**DATASET EXCERPTS:**
"""

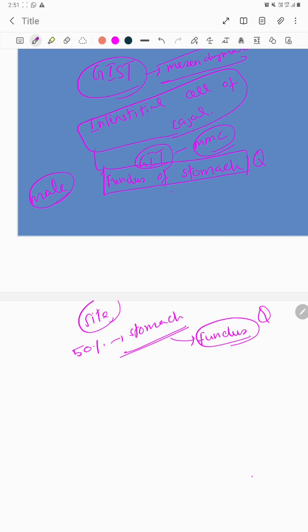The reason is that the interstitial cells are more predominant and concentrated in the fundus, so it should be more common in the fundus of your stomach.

"""
"""

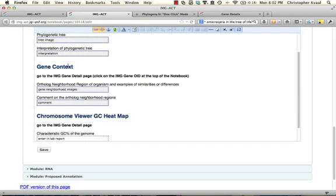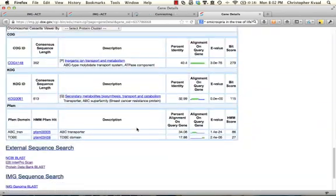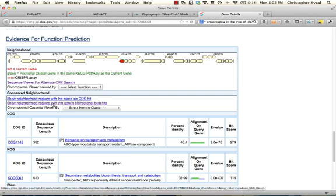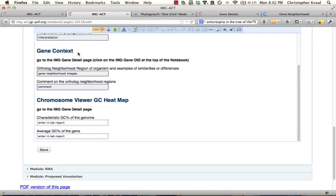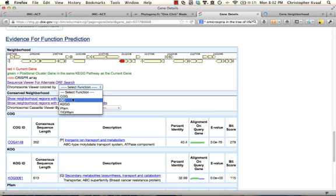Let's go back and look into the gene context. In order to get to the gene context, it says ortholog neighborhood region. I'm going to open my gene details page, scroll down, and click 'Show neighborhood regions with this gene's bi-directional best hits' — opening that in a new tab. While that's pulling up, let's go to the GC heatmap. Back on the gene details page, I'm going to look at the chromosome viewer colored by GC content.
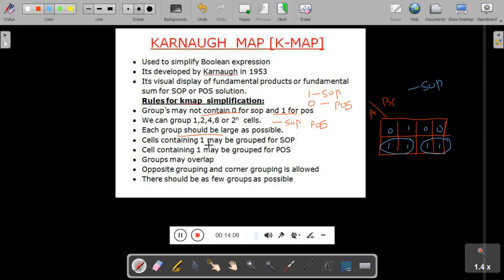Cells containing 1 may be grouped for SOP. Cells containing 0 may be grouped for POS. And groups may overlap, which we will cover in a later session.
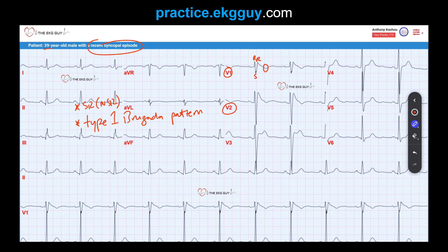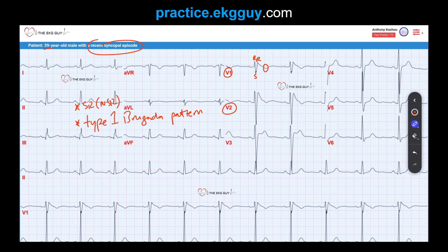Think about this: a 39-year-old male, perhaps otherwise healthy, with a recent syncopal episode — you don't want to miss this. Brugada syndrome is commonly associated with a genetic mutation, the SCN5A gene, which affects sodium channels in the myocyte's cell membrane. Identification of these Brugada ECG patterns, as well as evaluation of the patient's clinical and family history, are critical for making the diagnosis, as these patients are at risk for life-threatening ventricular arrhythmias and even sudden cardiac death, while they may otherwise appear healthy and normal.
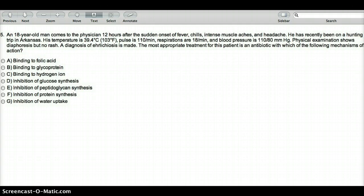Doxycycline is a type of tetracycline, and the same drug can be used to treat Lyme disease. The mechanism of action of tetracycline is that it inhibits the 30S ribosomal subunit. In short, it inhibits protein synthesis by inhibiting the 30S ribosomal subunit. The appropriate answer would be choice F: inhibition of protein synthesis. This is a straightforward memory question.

"""
"""

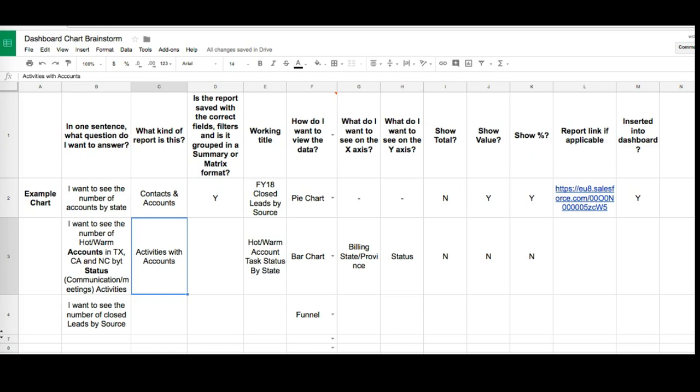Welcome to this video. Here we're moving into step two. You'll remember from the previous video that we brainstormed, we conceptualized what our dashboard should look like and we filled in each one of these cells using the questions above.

"""

**TASK TO COMPLETE:** How would the lines above read from the one with "Think about this: a" to the one with "Doxycycline is a", inclusive, with no pictures? Write them out exactly.

**OUTPUT:**
Think about this: a 39-year-old male, perhaps otherwise healthy, with a recent syncopal episode — you don't want to miss this. Brugada syndrome is commonly associated with a genetic mutation, the SCN5A gene, which affects sodium channels in the myocyte's cell membrane. Identification of these Brugada ECG patterns, as well as evaluation of the patient's clinical and family history, are critical for making the diagnosis, as these patients are at risk for life-threatening ventricular arrhythmias and even sudden cardiac death, while they may otherwise appear healthy and normal.
Doxycycline is a type of tetracycline, and the same drug can be used to treat Lyme disease. The mechanism of action of tetracycline is that it inhibits the 30S ribosomal subunit. In short, it inhibits protein synthesis by inhibiting the 30S ribosomal subunit. The appropriate answer would be choice F: inhibition of protein synthesis. This is a straightforward memory question.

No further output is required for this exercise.